A lo que estamos asistiendo en estos días es, finalmente, a los últimos coletazos de ese penoso espectáculo. Que algunos compraron o toleraron por desesperación y miedo. Y otros porque en serio creyeron que él era, además de un buen profesor y expositor, un gobernante auténticamente atento a criterios técnicos para tomar decisiones.
Como nada de eso se reveló cierto, sus fórmulas comenzaron a cansar bastante pronto: “como siempre digo”, “soy de los que piensan”, “busqué a los que saben”, “no llegué al gobierno para algo así” y tantas otras muletillas que usa hasta el cansancio se volvieron estímulos para el hartazgo y la incredulidad ya hace demasiado tiempo como para que sea mínimamente justificado que las siga usando.
El problema que tiene Alberto a este respecto es que no advierte que la varita ya no le funciona. Y el problema del oficialismo, que carece de alguien capaz de reemplazar a Alberto.

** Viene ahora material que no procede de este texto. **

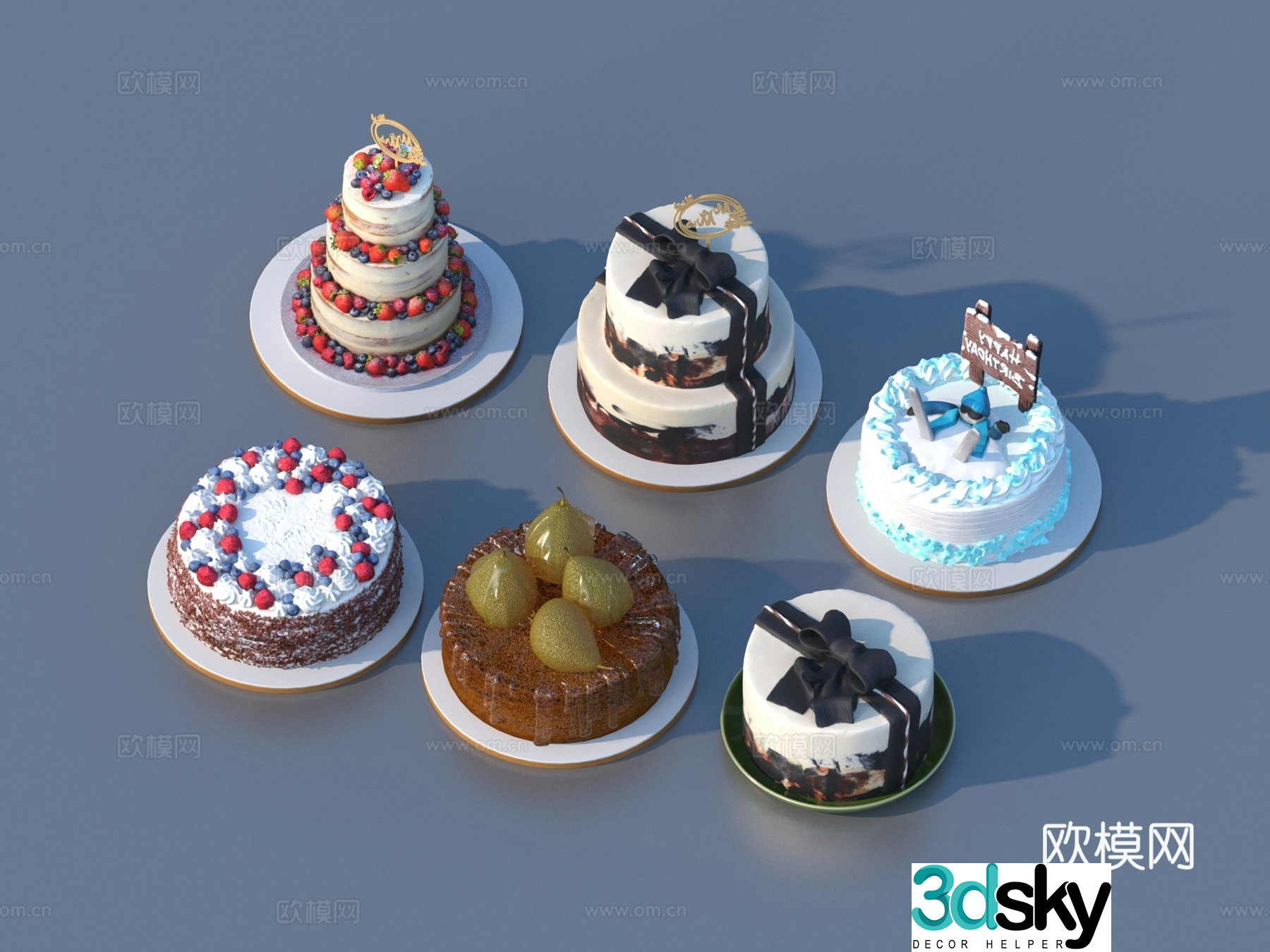 Bread Birthday Cake Pastry Food 3d Model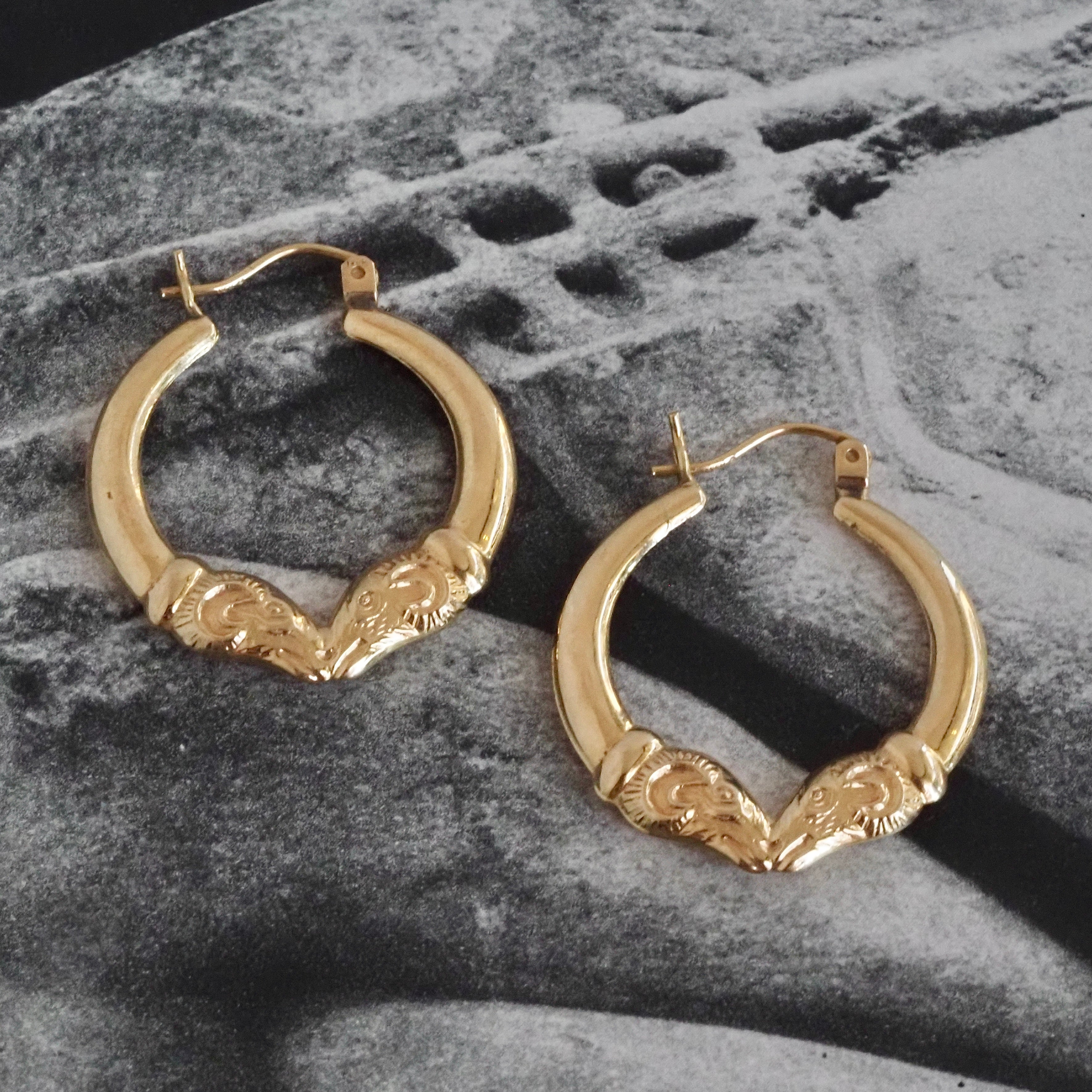 Vintage Medium Ram 14k Gold Hoops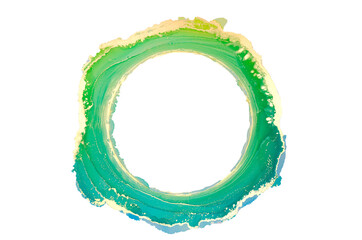 Abstract green and gold watercolor, circle, old frame , ink brush strokes isolated on white, creative illustration, fashion background, color pattern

No hay nadie que pueda hacer siquiera parcialmente el rol de vocero e ilusionista: en el gabinete son todos comparsa, y fuera de él, salvando a Cristina, Kicillof y Massa, todos con muy alta imagen negativa, nadie destaca.
Y este drama se contagia, lógicamente, a la búsqueda de candidatos para los comicios que se acercan: de allí que la única virtud que realmente ostentan los aspirantes que parecen tener más chances en estos días sea que son casi por completo desconocidos.
Es lo que sucede con Victoria Tolosa Paz y con Leandro Santoro, posibles cabezas de lista en provincia y ciudad.
Han pasado por algunos programas de televisión y dan bien, pero sobre todo tienen el mérito de que nadie sabe muy bien quiénes son, porque nunca han estado en roles destacados, no han sido legisladores ni funcionarios que dejaran alguna huella. No son, en suma, Sciolis, Lammens, Volnovichs, ni parecidos a ninguna otra de las muchísimas figuras que pueblan el oficialismo y, sean jóvenes o viejos, ya están quemadas, la gente los conoce demasiado bien.